Like many other knowledge workers, professional translators spend much of their day making decisions at a computer: reading texts in one language, searching for background information in many languages, referring to terminology databanks to ensure consistency and appropriacy of lexical choices, checking parallel texts to decide how to meet the needs of the target readership, producing a text in another language, and revising the target text to produce the final translation. If the flow of information or level of concentration is impaired due to non-optimal workplace ergonomics, then the efficiency of the process can be compromised and the quality of the final product can suffer. Despite high levels of competence, professionals may not be able to perform at the expected level or they may have to exert inordinate effort to do so, with potentially detrimental consequences to their health and job satisfaction.

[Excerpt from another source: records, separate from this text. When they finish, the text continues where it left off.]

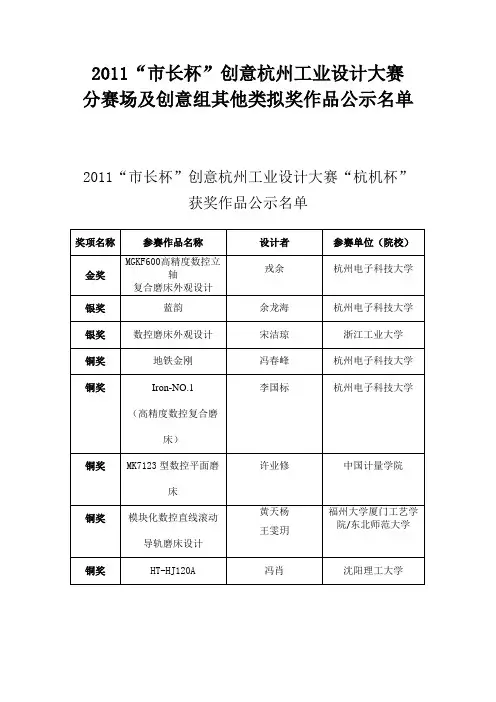 2011“市长杯”创意杭州工业设计大赛获奖名单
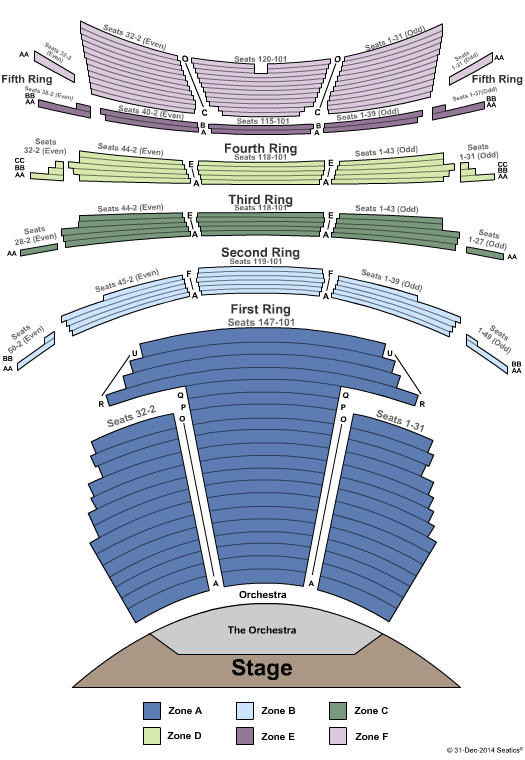 New York City Ballet Seating Chart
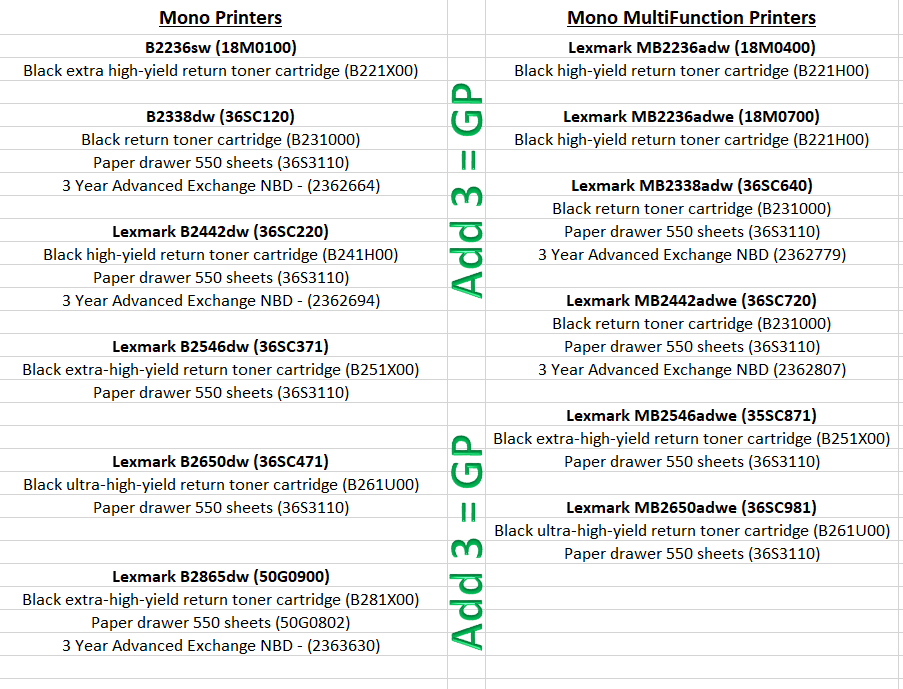 lexmark b2865dw toner cartridge
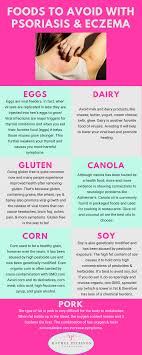 Foods To Avoid With Psoriasis Eczema Foods To Avoid Psoriasis Medical Medium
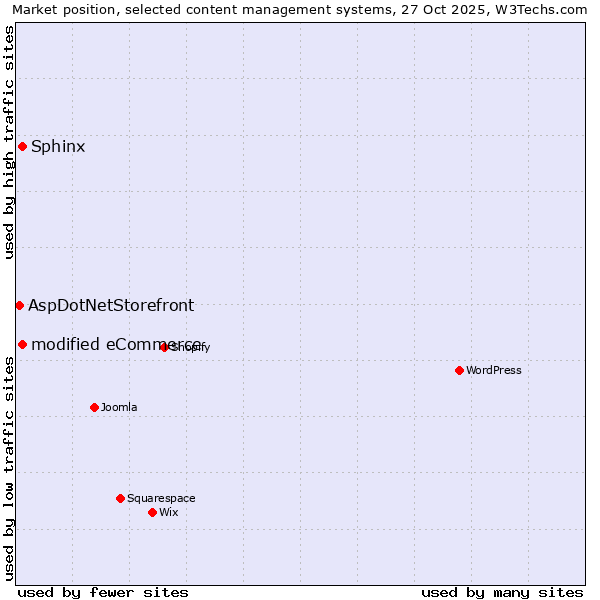 Market position of Sphinx vs. modified eCommerce vs. AspDotNetStorefront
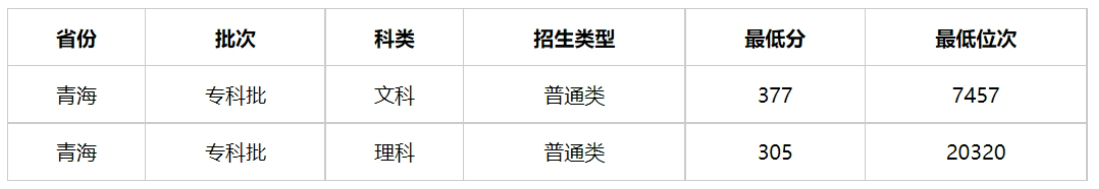 多少分能上青海警官职业学院？附2023年各省录取最低分及位次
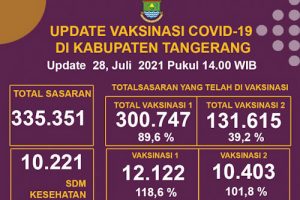 Vaksinasi Covid di Kabupaten Tangerang Capai 335.351 Orang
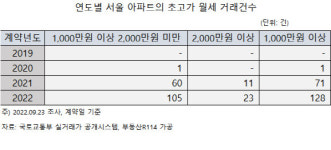 월 1000만원 이상 초고가 월세 늘어난 이유는[부동산포커스]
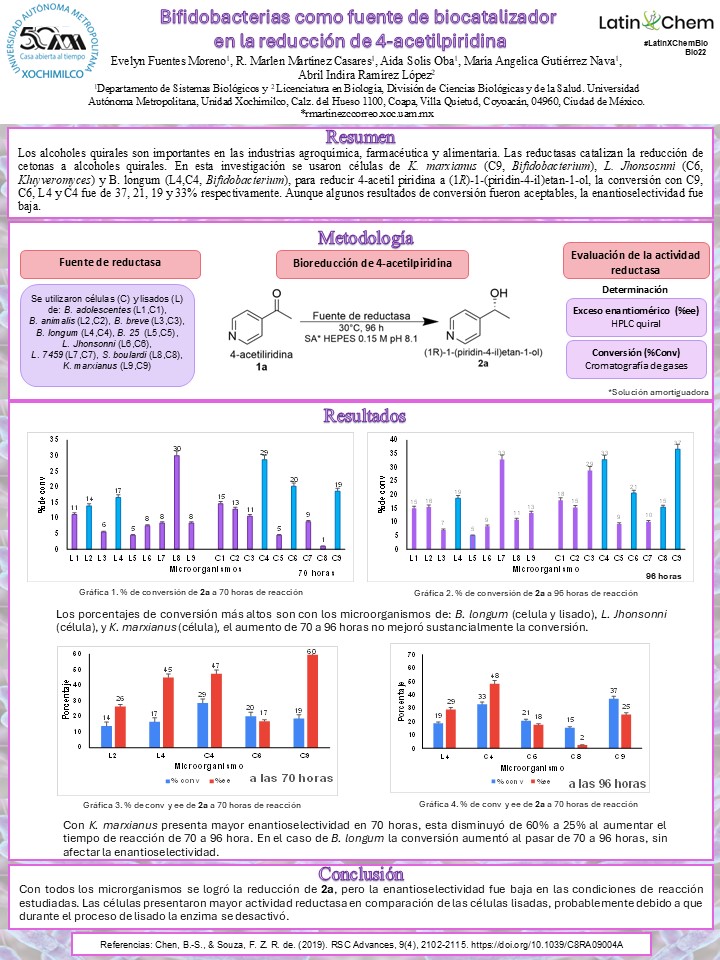 Evelyn Fuentes Moreno tweet media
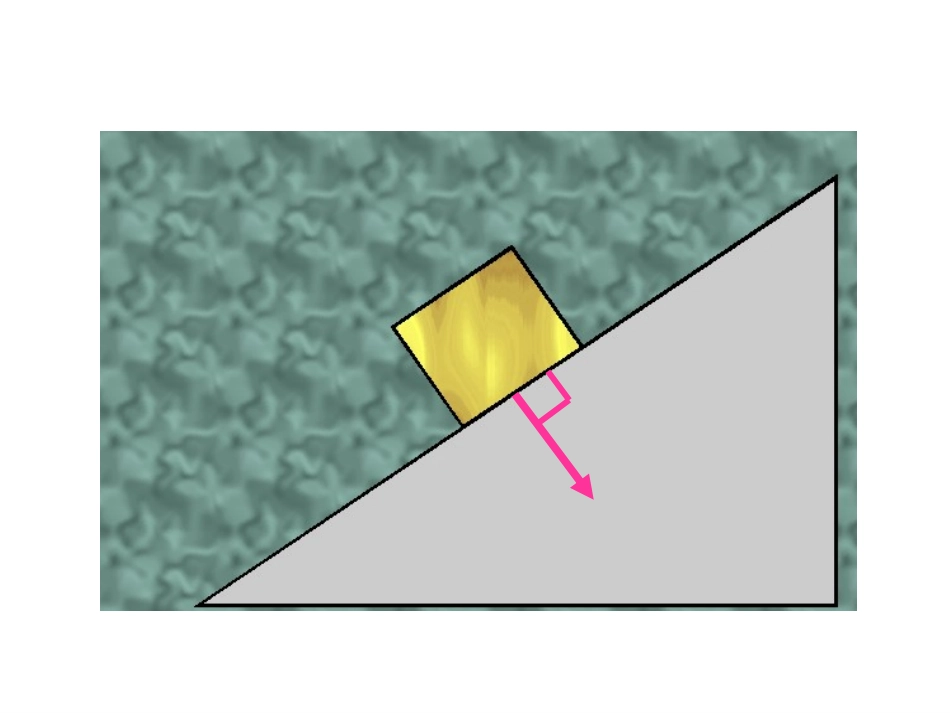 压力的效果课件_第3页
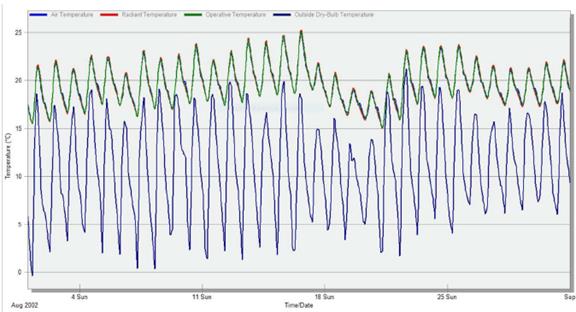 Captura de imagen de resultados para el m&oacute;dulo de adobe, ubicado en la ciudad de Cuzco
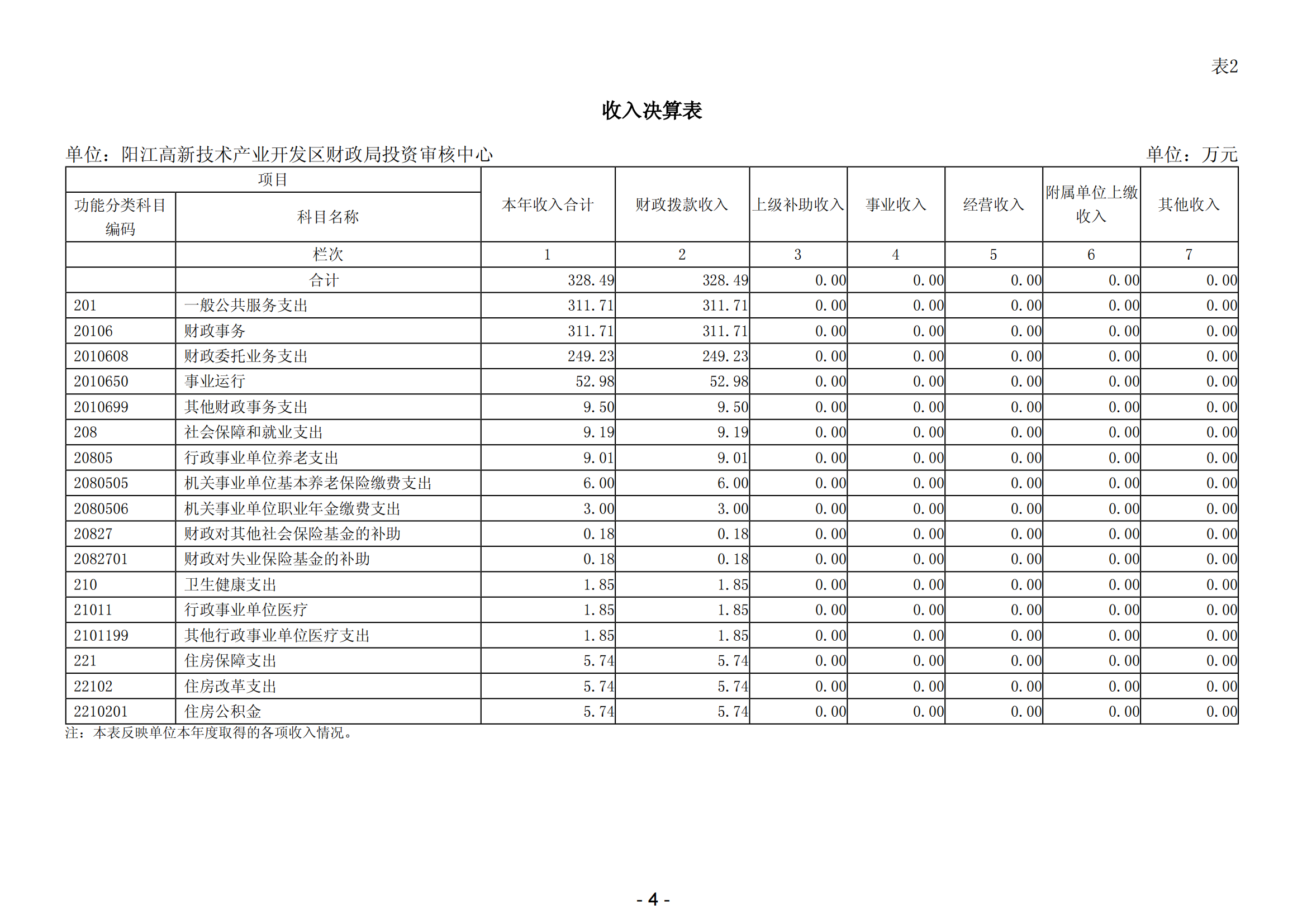 2023年陽江高新技術(shù)產(chǎn)業(yè)開發(fā)區(qū)財政局投資審核中心部門決算_05.png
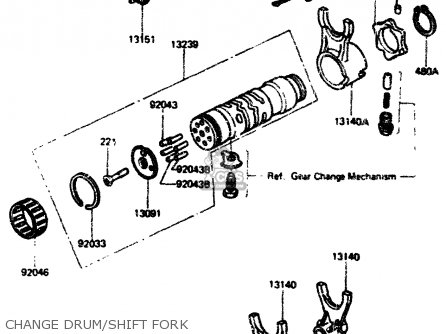 CHANGE DRUM/SHIFT FORK - ZX750A2 1984 EUROPE UK FR GR IT NR SD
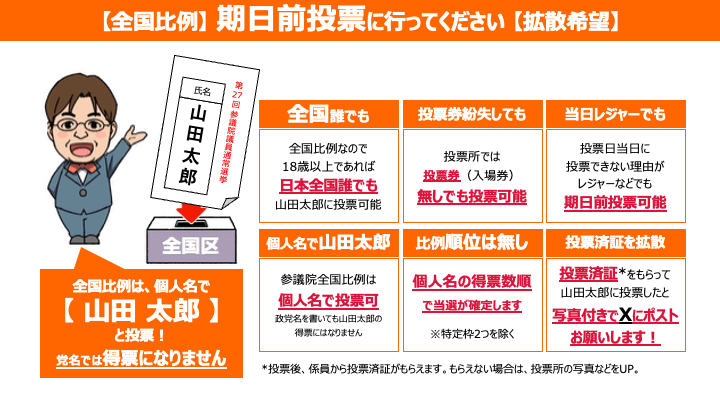 期日前投票のご案内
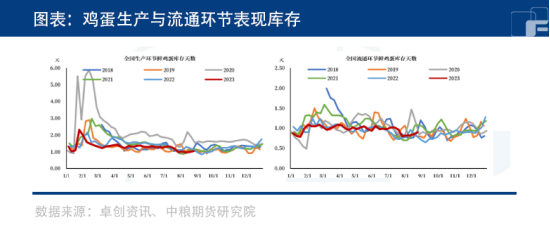 鸡蛋：现货价格高企，盘面多空博弈！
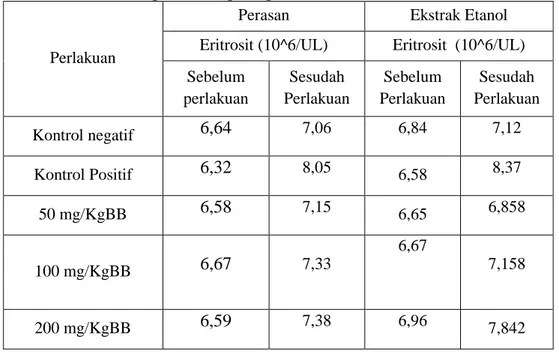 Tabel 2.  Hasil Uji rata-rata Kadar Eritrosit Sebelum Perlakuan, dan setelah  perlakuan pada perasan dan ekstrak etanol 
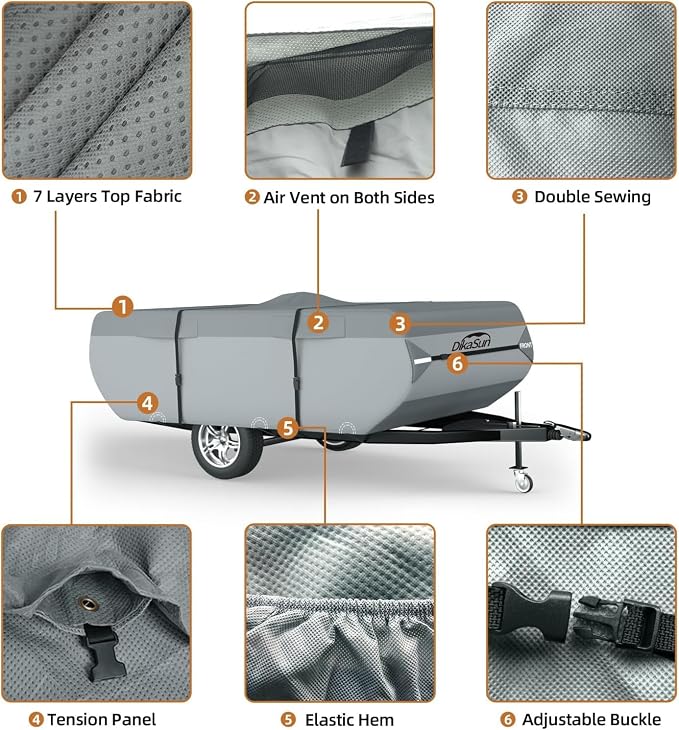 Pop Up Camper Cover 8'-10', 7 Layers Waterproof Pop-up Tent Trailer Cover Anti-UV Folding Camper RV Cover for Motor Home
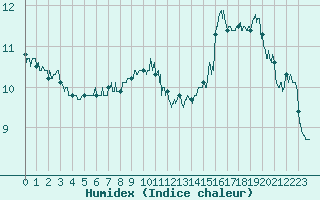 Courbe de l'humidex pour Strasbourg (67)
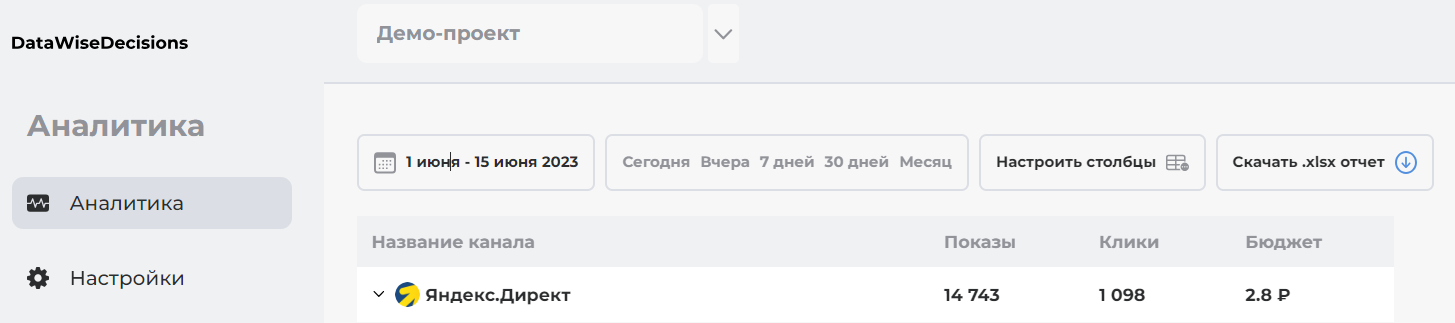 DataWiseDecisions usage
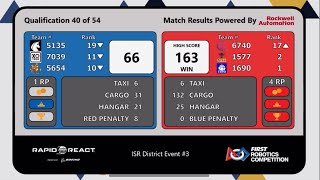 FRC 2022 New Record163 points Team 1690amp1577 [upl. by Geldens17]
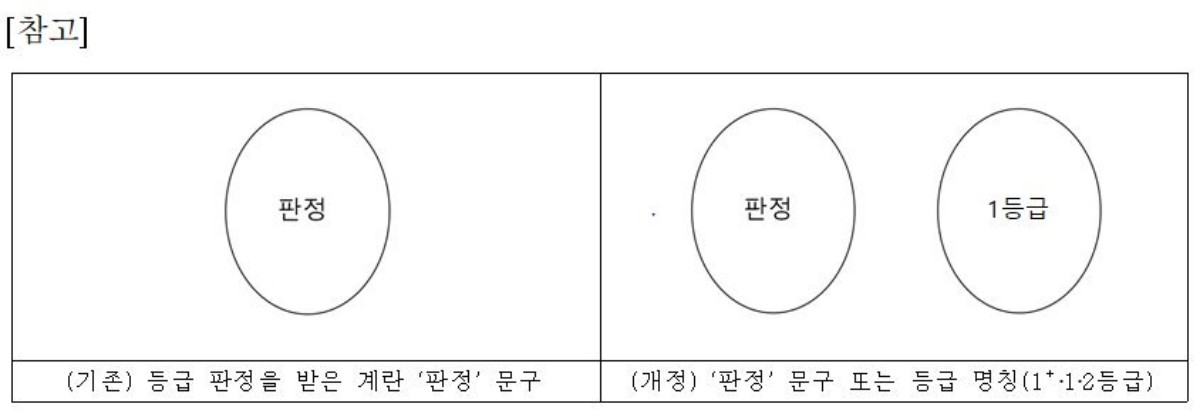 ‘판정’ 문구 또는 등급 명칭(1+‧1‧2등급) / 농림축산식품부 제공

In this interdisciplinary research project, models of situated cognition, translation competence, and organizational constraints provide the theoretical framework to consider and evaluate the cognitive and physical ergonomic factors that can impact the situated activity of professional translation. The recursive mixed-methods design combines perspectives from translation studies, occupational health, usability testing, and language technology. It includes ethnographic observation of the workplace, ergonomic assessments, questionnaires, interviews, computer logging, screen recordings, video recordings, eye-tracking, usability experiments, and retrospective verbalizations. A large corpus of data collected in a longitudinal precursor study of translation competence is the source of indications of ergonomic issues. Hypotheses about these are tested and refined with on-site ergonomic assessments and recordings of three groups of professional translators whose work conditions fit various profiles as well as with experiments in a usability lab, an online survey, and in-depth interviews. The data from each project phase are analyzed for indicators of cognitive dissonance attributable to the ergonomics of the human-computer interfaces or workplace conditions and are triangulated with the findings from the other phases.

The results of the project are expected to have implications for theoretical models of extended cognition and situated activity, workplace practice, education, and further developments at the human-computer interface as well as to provide insights into how the ergonomics of workplaces can be optimized, not only for professional translators but also for other knowledge workers in similar conditions.